◆ DESCRIPTION OF THE TASK: Exclude the pictures and reproduce exactly the lines that run from the one holding "Used 2023 Audi Q3 2.0T Premium image 15" to the end of the entries below.
·····
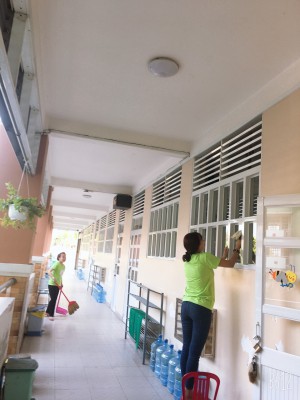 GIÁO VIÊN TRƯỜNG TH CHÁNH PHÚ HÒA LAO ĐỘNG VỆ SINH TRƯỜNG LỚP PHÒNG CHỐNG DỊCH COVID 19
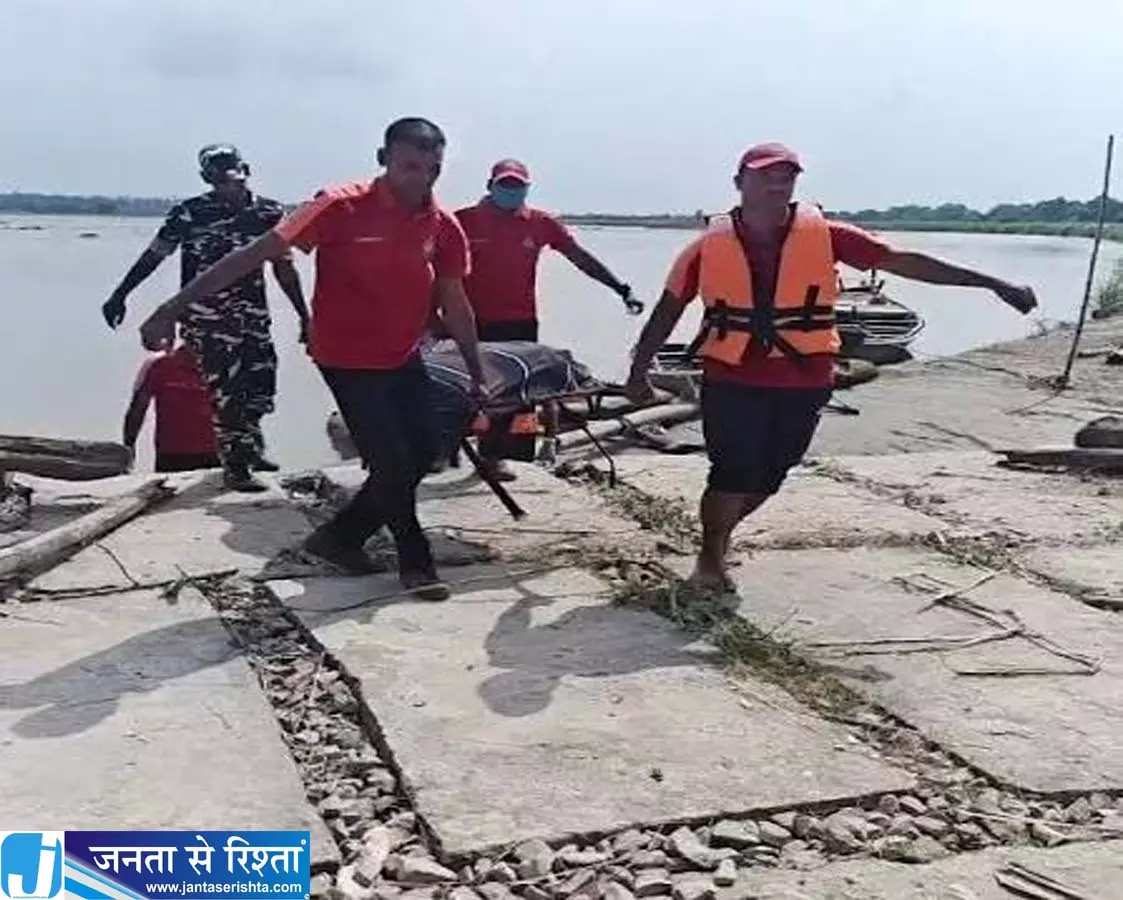 नेपाल बाढ़ के बाद गंडक बनी दर्द की धारा कुशीनगर में फिर मिले चार शव नेपाल बाढ़ के बाद गंडक बनी दर्द की धारा कुशीनगर में फिर मिले चार शव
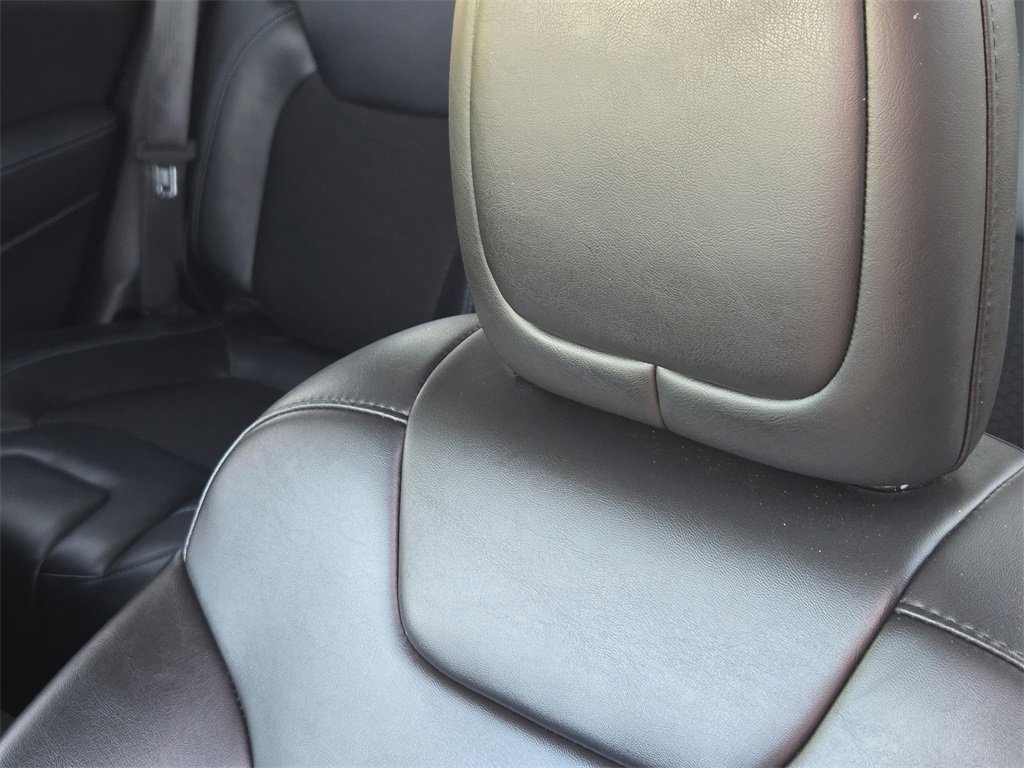 Used 2020 Jeep Cherokee Latitude Plus w/ Comfort/Convenience Group image 17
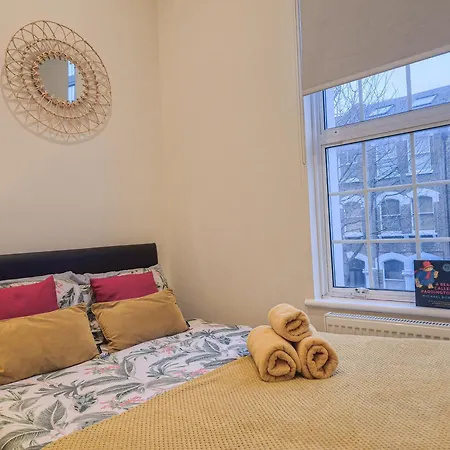 Cozy 2-bedroom With Free Wi-fi In Shepherds Bush Near Westfield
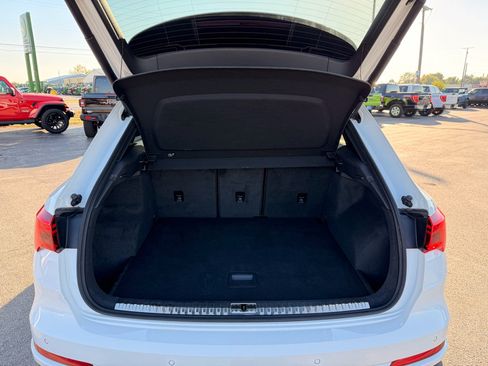 Used 2023 Audi Q3 2.0T Premium image 15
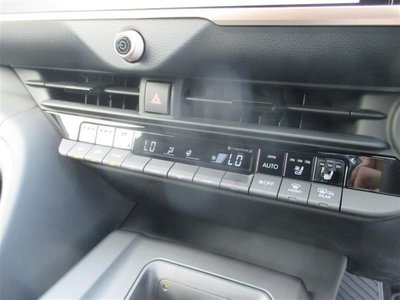 صورة 29 لـ 2022 Toyota CROWN CROSSOVER
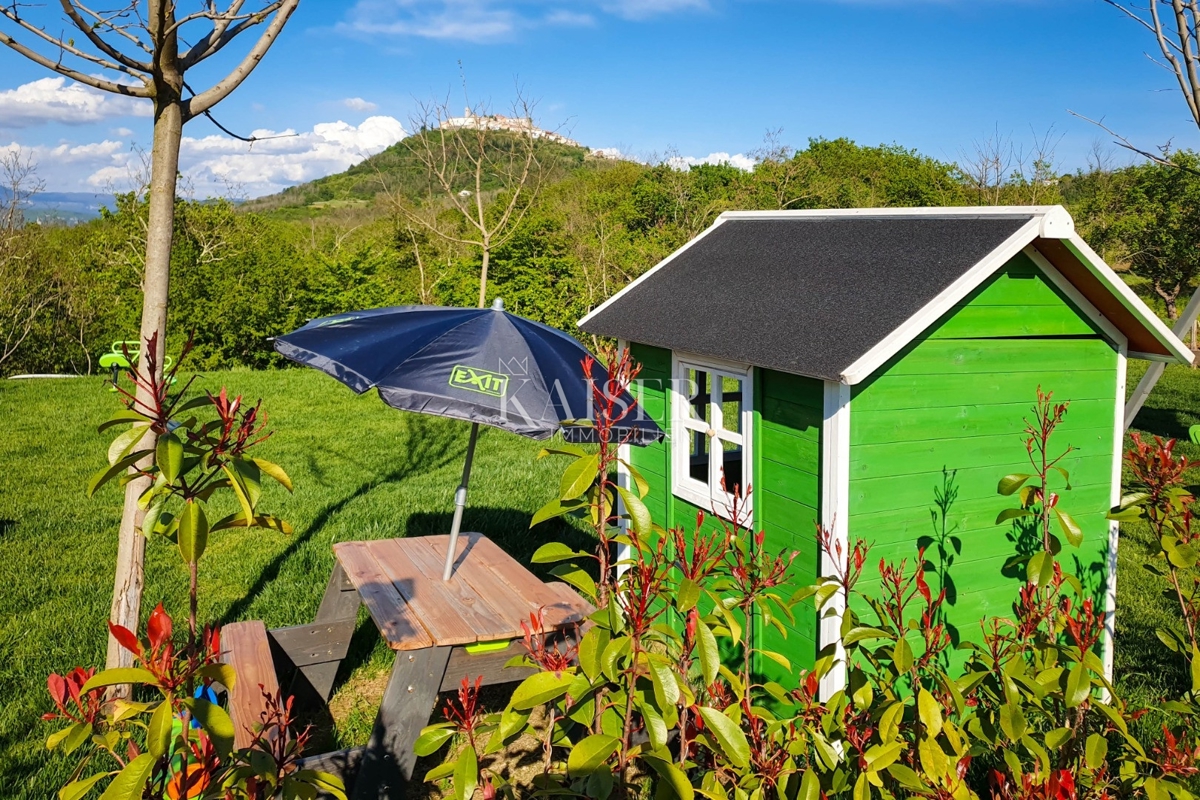 Istria - Montona, Villa con una splendida vista su Montona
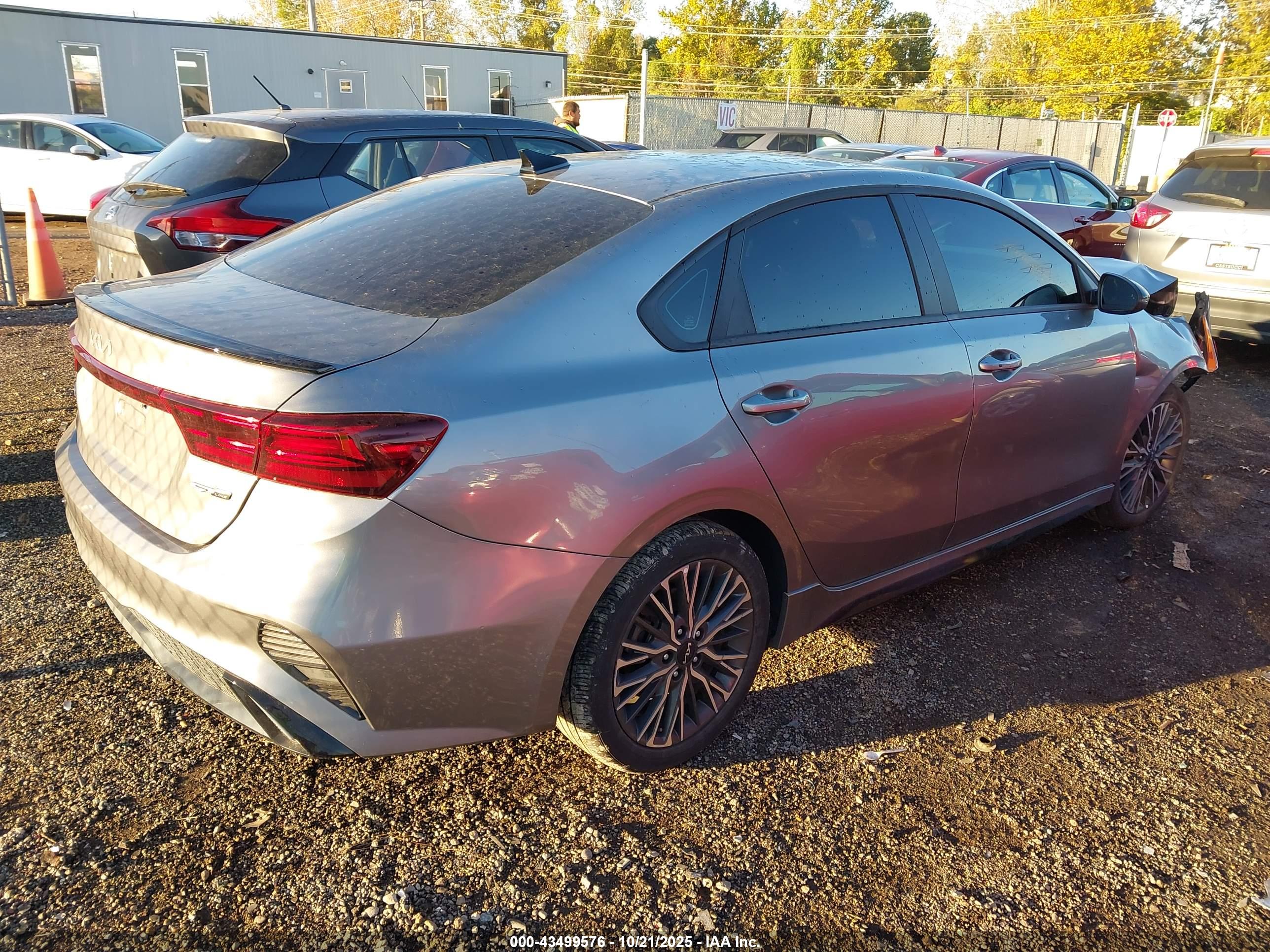 KIA FORTE image 4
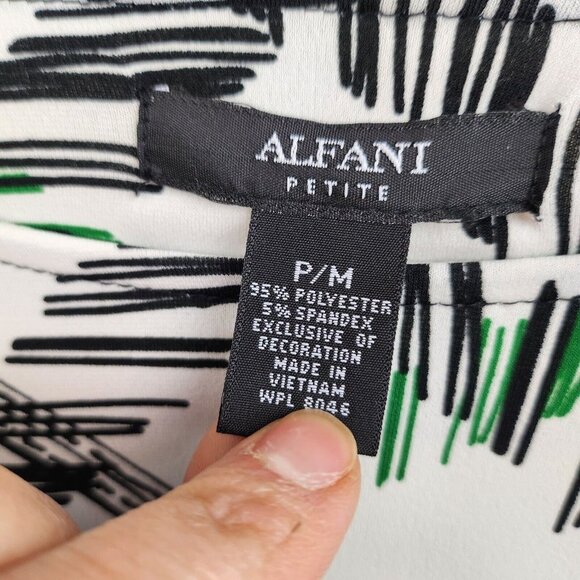 Alfani White Black Angled Hem Stretch Knit Flared Sleeve Blouse Top PM - Picture 3 of 7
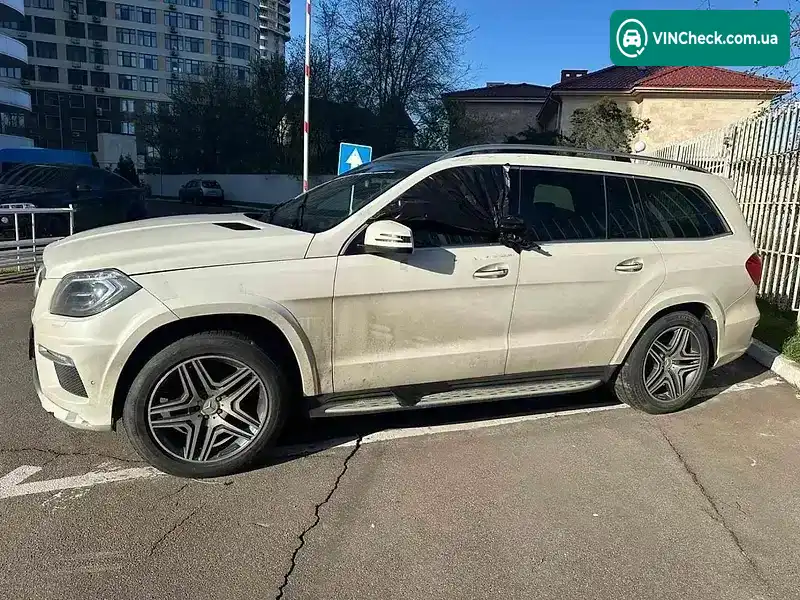 Mercedes-Benz GL-Class 2015, фото з оголошення 2 з 18, VIN WDC1668241A648044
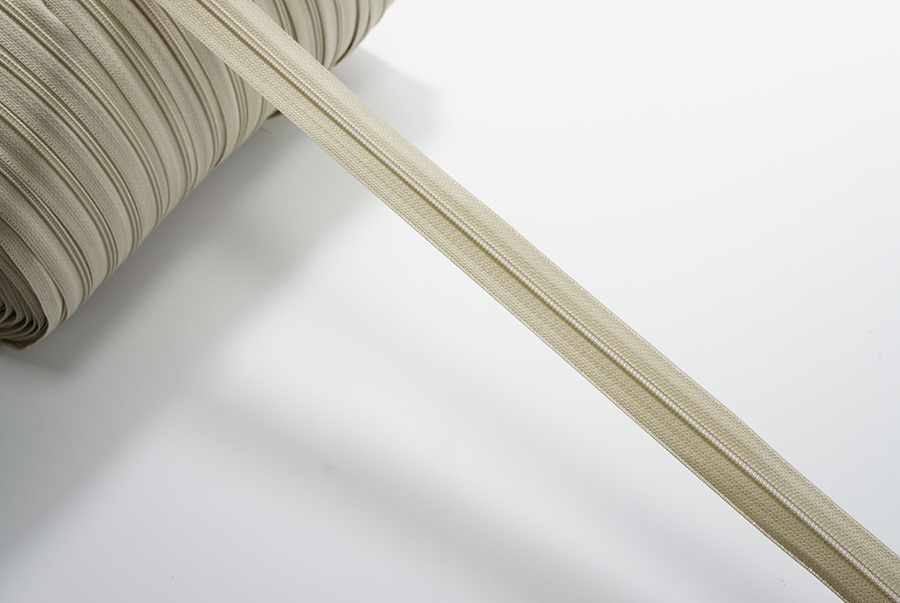 Блискавка рулонна Тип 4, вита молочний кремовий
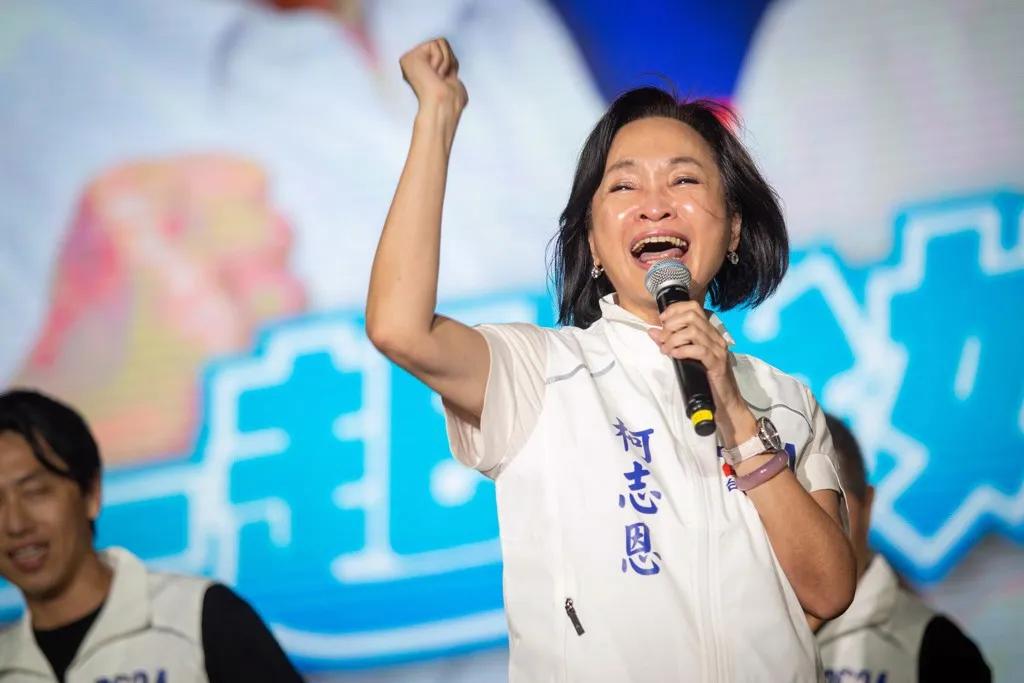 郑丽文访陆效应正式出现？第一个受影响的选区出现了，民进党铁票区高雄市长选举蓝军正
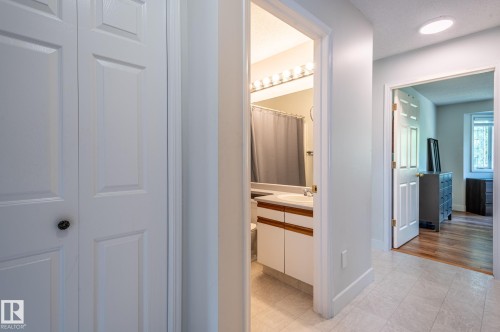 11515 125 Street Nw, Edmonton, AB - Indoor Photo Showing Other Room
·····
◆ FINISHED TASK:
 Used 2023 Audi Q3 2.0T Premium image 15
 صورة 29 لـ 2022 Toyota CROWN CROSSOVER
 Istria - Montona, Villa con una splendida vista su Montona
 KIA FORTE image 4
 Alfani White Black Angled Hem Stretch Knit Flared Sleeve Blouse Top PM - Picture 3 of 7
 Mercedes-Benz GL-Class 2015, фото з оголошення 2 з 18, VIN WDC1668241A648044
 Блискавка рулонна Тип 4, вита молочний кремовий
 郑丽文访陆效应正式出现？第一个受影响的选区出现了，民进党铁票区高雄市长选举蓝军正
 11515 125 Street Nw, Edmonton, AB - Indoor Photo Showing Other Room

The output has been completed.